Seperti diungkapkan dalam berbagai artikel di media massa, paradigma lama pengelolaan keuangan publik yang hanya berfokus pada pemotongan belanja, peningkatan utang, atau kenaikan pajak telah terbukti tidak memadai.

Indonesia perlu belajar dari kesuksesan negara lain, seperti Singapura dan negara-negara Eropa, yang mengoptimalkan aset publik untuk menciptakan aliran pendapatan baru.

Sebagian besar negara, termasuk Indonesia, masih mengadopsi sistem akuntansi berbasis kas (cash-based accounting), yang hanya mencatat transaksi saat uang fisik berpindah. Sistem ini mengabaikan nilai aset dan kewajiban jangka panjang, seperti properti pemerintah, infrastruktur, atau pensiun pegawai negeri.

Padahal, akuntansi akrual yang mencatat pendapatan dan pengeluaran saat terjadi, bukan saat kas diterima, dapat memberikan gambaran utuh kesehatan fiskal. Contohnya, kota Pittsburgh di AS menemukan nilai aset propertinya 70 kali lebih tinggi dari catatan keuangan resmi.

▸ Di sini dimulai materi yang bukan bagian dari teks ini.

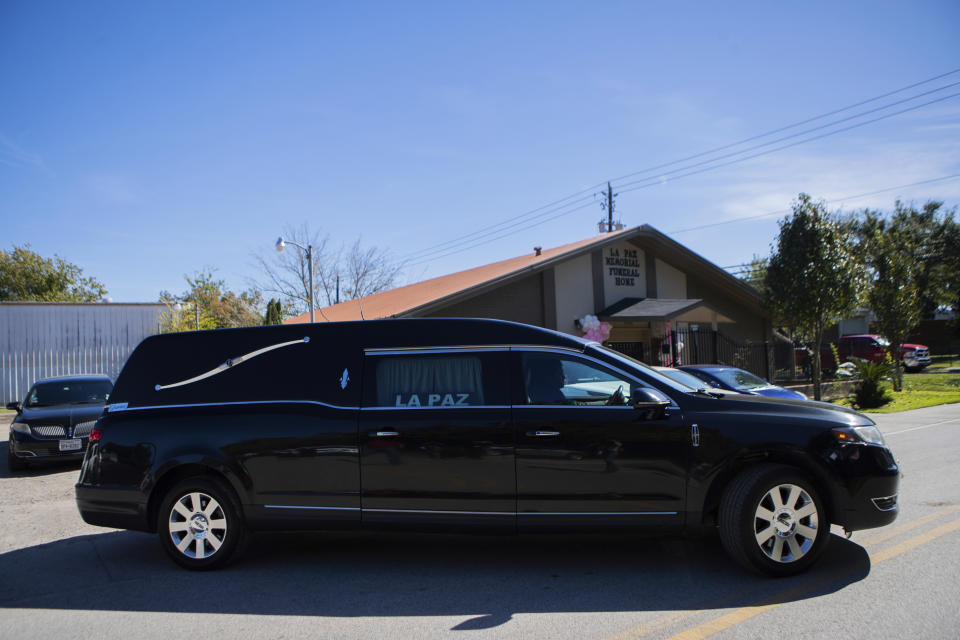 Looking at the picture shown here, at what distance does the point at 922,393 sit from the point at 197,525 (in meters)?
23.7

Jika dikelola dengan baik, aset ini bisa menghasilkan pendapatan non-pajak yang signifikan.

Di sisi lain, kegagalan mengelola kewajiban non-utang seperti pensiun pegawai negeri atau liabilitas BUMN juga memperparah defisit. Menurut IMF, rasio kewajiban pensiun pemerintah di Indonesia mencapai 45 persen dari PDB pada 2023, tetapi ini jarang dimasukkan dalam perdebatan fiskal.

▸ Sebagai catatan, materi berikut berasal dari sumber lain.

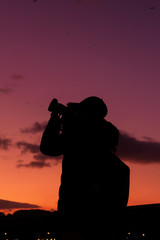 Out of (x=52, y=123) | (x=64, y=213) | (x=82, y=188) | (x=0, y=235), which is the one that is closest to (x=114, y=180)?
(x=82, y=188)

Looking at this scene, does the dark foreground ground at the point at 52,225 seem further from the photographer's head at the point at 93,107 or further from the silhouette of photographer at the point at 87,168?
the photographer's head at the point at 93,107

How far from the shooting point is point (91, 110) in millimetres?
2910

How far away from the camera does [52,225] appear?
2893mm

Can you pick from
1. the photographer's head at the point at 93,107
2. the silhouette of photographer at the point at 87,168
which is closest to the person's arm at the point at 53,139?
the silhouette of photographer at the point at 87,168

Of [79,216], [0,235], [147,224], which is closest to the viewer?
[79,216]

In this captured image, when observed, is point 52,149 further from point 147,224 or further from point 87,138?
point 147,224

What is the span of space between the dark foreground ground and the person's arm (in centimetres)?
47

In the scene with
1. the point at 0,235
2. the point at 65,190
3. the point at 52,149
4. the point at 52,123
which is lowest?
the point at 0,235

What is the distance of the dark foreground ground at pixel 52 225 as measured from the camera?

Padahal, negara seperti Swedia dan Kanada telah membuktikan bahwa transparansi liabilitas jangka panjang melalui laporan neraca sektor publik mendorong kebijakan yang lebih berkelanjutan.

Pemerintah perlu mempercepat transisi ke akuntansi akrual seperti yang dilakukan Selandia Baru. Membentuk sistem pelaporan aset publik yang transparan, termasuk properti, BUMN, dan infrastruktur strategis. Mengadopsi metrik nilai bersih sektor publik (public-sector net worth) sebagai indikator utama kesehatan fiskal.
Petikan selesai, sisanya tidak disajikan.